The Evolution of Overwhelm

The next time you’re feeling overwhelmed, you can thank your ancestors.

Overwhelm is an evolutionary feature that backfires in our modern world. If our ancestors couldn’t keep up with their environments, they died. Today, there is way too much to keep track of and manage. The modern day hunter/gatherer needs a digital calendar and an assistant to sort it all out! By examining some of what our ancestors might have experienced, we can see how it translates to our own lives.

There were fears our ancestors had about keeping up: it’s too much (predators, natural forces such as flood and  fire, attacks from other tribes) and there’s not enough (not enough food, shelter, belonging to the tribe or having a mate). The modern version of, “It’s too much” can show up as too many commitments, too much information to digest, too much news, and all of it coming faster and faster.  

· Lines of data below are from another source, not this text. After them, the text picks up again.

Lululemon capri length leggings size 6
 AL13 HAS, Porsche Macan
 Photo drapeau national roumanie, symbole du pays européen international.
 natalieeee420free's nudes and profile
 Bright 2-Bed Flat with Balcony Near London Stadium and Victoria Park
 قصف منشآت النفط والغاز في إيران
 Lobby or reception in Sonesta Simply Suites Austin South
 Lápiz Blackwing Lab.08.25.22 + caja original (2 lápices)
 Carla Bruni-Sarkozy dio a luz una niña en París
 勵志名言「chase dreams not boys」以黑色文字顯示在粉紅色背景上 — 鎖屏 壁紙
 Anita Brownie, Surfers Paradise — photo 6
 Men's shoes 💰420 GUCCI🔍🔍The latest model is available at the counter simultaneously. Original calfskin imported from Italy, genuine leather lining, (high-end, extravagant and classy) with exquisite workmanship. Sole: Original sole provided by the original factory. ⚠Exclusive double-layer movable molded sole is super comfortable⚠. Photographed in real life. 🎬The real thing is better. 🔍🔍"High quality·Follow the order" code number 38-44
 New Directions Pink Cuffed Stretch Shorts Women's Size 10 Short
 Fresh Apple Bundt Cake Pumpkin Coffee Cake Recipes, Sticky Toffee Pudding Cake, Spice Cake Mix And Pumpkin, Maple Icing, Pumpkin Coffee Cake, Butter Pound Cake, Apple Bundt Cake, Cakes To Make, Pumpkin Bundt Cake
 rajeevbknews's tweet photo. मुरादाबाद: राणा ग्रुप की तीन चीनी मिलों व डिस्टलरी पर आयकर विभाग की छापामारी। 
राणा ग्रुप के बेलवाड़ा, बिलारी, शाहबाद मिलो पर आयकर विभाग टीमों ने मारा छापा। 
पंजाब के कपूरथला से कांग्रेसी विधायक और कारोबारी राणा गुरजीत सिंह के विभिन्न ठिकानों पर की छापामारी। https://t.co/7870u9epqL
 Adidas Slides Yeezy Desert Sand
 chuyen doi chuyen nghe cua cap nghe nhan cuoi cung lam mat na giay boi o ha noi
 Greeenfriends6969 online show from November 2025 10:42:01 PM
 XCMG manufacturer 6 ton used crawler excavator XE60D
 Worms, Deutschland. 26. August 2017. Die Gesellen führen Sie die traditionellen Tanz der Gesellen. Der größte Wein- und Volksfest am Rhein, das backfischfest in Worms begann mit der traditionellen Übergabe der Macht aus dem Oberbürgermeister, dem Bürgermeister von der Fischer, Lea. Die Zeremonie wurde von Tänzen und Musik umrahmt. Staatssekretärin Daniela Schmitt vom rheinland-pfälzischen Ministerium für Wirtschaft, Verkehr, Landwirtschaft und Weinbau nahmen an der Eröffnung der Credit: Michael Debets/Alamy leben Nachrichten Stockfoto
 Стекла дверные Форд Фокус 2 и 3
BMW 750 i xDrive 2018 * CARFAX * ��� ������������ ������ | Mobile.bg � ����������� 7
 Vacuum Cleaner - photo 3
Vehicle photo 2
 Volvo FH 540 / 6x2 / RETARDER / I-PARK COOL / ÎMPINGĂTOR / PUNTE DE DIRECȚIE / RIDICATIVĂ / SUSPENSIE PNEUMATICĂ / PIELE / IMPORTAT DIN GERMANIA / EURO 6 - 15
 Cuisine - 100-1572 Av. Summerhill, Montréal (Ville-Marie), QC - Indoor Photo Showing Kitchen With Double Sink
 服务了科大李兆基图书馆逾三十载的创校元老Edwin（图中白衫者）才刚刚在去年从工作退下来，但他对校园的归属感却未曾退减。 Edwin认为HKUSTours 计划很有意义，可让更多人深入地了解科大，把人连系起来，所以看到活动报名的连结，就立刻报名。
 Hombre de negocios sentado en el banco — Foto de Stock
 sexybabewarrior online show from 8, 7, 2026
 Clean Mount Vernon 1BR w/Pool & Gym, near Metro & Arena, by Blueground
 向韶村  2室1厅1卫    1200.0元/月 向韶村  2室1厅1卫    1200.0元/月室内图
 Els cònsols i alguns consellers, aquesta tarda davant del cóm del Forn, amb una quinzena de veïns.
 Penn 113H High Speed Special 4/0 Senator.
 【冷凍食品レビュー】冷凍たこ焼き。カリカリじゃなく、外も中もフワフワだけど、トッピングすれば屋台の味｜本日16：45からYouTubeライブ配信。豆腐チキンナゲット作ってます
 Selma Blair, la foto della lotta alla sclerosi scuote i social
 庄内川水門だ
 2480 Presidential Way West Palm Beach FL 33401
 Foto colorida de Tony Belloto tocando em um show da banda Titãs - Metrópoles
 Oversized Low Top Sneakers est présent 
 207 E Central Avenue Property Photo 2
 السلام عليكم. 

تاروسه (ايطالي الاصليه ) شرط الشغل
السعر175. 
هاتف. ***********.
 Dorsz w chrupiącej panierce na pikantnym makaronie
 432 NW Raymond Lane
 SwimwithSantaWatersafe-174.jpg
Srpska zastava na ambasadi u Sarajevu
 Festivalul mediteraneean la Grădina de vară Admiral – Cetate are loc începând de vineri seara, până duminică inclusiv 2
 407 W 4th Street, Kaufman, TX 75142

The modern version of, “There’s not enough” can show up as time pressures, a lack of money, lack of knowledge or capability, and even the modern FOMO (fear of missing out)  is related to the fear of not enough. For our ancestors, these dangers of too much and not enough were generally fairly short-lived. But for us modern caveman descendants, the fears can be virtually 24 hours a day, 365 days a year.

We know that these reactions to “‘it’s all too much” or “there’s not enough” are real.  Overwhelm can show up in the body through elevated cortisol levels, mental churn or confusion, and emotional reactivity which, in turn, affect our mood, our appetite, our sleep patterns, and more. This is also a direct result of the response of our nervous systems to threat. That so-called irrational feeling of ‘if I can’t keep up, I’ll die!’ might not be so irrational, after all. Our ancestors experienced that in a very real way. Although the world around us is changing at a lightning pace, our nervous systems haven’t changed dramatically in thousands of years. So we must recognize this incongruity, and catch ourselves in those ancient reactions.

To interrupt these ancient reactions, ask yourself some new questions. In what ways are you  trying to keep up when it’s impossible? What specifically can you focus on to feel more in control? What small, specific actions can you take to feel progress, rather than procrastination? What beliefs do you have about yourself that could be contributing to overwhelm, and how can you focus on more of your strengths?

You can thank your ancestors for the color of your eyes, or the shape of your nose, or the innate talents you have. But you don’t have to live in reaction to the ancient nervous system that you inherited from them.